# Directions:
Please take the records that follow and repeat exactly the lines starting with the line with "Buy The Best" and going on through the line with "2005-06 Cardset Finland".

- Opening Delimiter -

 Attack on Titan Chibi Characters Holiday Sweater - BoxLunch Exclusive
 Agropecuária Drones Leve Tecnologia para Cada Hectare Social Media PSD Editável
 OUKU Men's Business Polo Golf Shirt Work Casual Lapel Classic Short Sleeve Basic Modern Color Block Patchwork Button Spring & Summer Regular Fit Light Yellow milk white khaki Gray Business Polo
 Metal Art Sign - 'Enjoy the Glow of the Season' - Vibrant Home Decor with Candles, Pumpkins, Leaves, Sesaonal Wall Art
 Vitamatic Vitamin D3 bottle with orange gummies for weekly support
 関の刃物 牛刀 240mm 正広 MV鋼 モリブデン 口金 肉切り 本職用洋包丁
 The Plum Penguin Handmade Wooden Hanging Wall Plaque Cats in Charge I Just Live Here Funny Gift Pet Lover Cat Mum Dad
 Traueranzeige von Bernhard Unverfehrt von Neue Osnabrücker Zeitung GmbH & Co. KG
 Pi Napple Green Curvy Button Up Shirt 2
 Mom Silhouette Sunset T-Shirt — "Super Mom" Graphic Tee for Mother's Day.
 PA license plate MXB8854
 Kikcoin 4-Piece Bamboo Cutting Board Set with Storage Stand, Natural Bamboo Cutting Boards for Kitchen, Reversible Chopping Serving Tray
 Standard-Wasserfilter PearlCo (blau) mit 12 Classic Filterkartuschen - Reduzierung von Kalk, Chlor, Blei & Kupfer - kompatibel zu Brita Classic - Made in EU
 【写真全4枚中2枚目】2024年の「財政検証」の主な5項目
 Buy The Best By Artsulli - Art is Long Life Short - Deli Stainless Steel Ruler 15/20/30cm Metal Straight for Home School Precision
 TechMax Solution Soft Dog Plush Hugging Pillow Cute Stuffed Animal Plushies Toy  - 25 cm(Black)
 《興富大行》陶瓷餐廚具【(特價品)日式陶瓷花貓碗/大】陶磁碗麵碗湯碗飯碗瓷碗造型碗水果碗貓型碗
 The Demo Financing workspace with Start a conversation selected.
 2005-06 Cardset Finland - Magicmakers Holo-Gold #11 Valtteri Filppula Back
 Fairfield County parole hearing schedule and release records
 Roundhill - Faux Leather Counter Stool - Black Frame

- Closing Delimiter -

# Reply:
 Buy The Best By Artsulli - Art is Long Life Short - Deli Stainless Steel Ruler 15/20/30cm Metal Straight for Home School Precision
 TechMax Solution Soft Dog Plush Hugging Pillow Cute Stuffed Animal Plushies Toy  - 25 cm(Black)
 《興富大行》陶瓷餐廚具【(特價品)日式陶瓷花貓碗/大】陶磁碗麵碗湯碗飯碗瓷碗造型碗水果碗貓型碗
 The Demo Financing workspace with Start a conversation selected.
 2005-06 Cardset Finland - Magicmakers Holo-Gold #11 Valtteri Filppula Back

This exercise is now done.